Updated default embedding model
The new default embedding model for indexes is text-embedding-3-large.
New models added
azure/meta-llama-3.1-405b
azure/meta-llama-3.1-70b-eu
azure/mistral-large-2407
mistral/mistral-large-2407
openai/gpt-4o-2024-05-13 (openai/gpt-4o currently points to this)
openai/gpt-4o-2024-08-06
Add examples at call time
You can now add examples at call time.
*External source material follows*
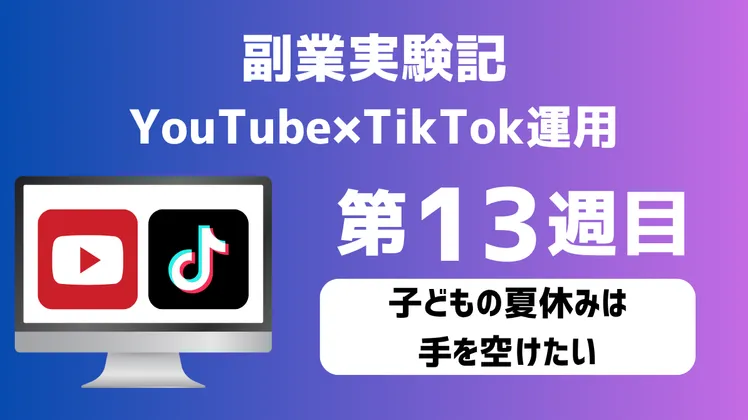 【副業実験記|YouTube×TikTok運用 第13週目】子どもの夏休みは手を空けたい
This is useful if you have a set of examples that you want to use as a reference for your model without having to manage a dataset.
output, _ = opper.call(
name="changelog/python/call-with-examples",
instructions="extract the weekday from a text",
examples=[
Example(input="Today is Monday", output="Monday"),
Example(input="Friday is the best day of the week", output="Friday"),
Example(
input="Saturday is the second best day of the week", output="Saturday"
),
],
input="Wonder what day it is on Sunday",
)
The three ways of tracing your code using the Python SDK
Manually
span = opper.traces.start_trace(name="my_function", input="Hello, world!")
# business logic here
span.end()
Using context manager
with opper.traces.start(name="my_function", input="Hello, world!") as span:
# business logic here
Using the @trace decorator
@trace
def my_function(input: str) -> str:
# business logic here
Call a LLM without explicitly creating a function using the Python SDK
You can now call a LLM without explicitly creating a function.
// Start parent trace
const trace = await client.traces.start({
name: "node-sdk/tracing-manual",
input: "Trace initialization",
});
// You can optionally start a child span and provide the input
const span = await trace.startSpan({
name: "node-sdk/tracing-manual/span",
input: "Some input given to the span",
});
// A metric and/or comment can be saved to the span
// A span generation can also be saved using .saveGeneration()
await span.saveMetric({
dimension: "accuracy",
score: 1,
comment: "This is a comment",
});
// End the span and provide the output
await span.end({
output: JSON.stringify({ foo: "bar" }),
});
// End the parent trace
await trace.end({ output: JSON.stringify({ foo: "bar" }) });
Call a LLM without explicitly creating a function using the Node SDK
You can now call a LLM without explicitly creating a function.
const { message } = await client.call({
name: "node-sdk/call/basic",
input: "what is the capital of sweden",
});
Manually adding generations
You can now manually add generations to your traces. This is useful if you call an LLM outside of Opper but still want to use the tracing capabilities of Opper.
We have added support for the just released GPT-4o mini model from OpenAI.
Projects now available
Projects allow you to create separation in Opper. Currently, the following is tied to a project:
Functions
Indexes
Traces
API keys
When you create an API for a specific project, all usage will be associated with that specific project automatically, so there is no need to pass the project as you are using it.
Manage organizations and invite your colleagues
You are now able to create your own organizations in Opper. Go to Settings --> Organization and click Create Organization in the top right corner to get started.
Once you have created your organization, you are able to invite your colleagues by sending an invite to their email address. Once they are in, you are able to collaborate and have a common view of your AI usage.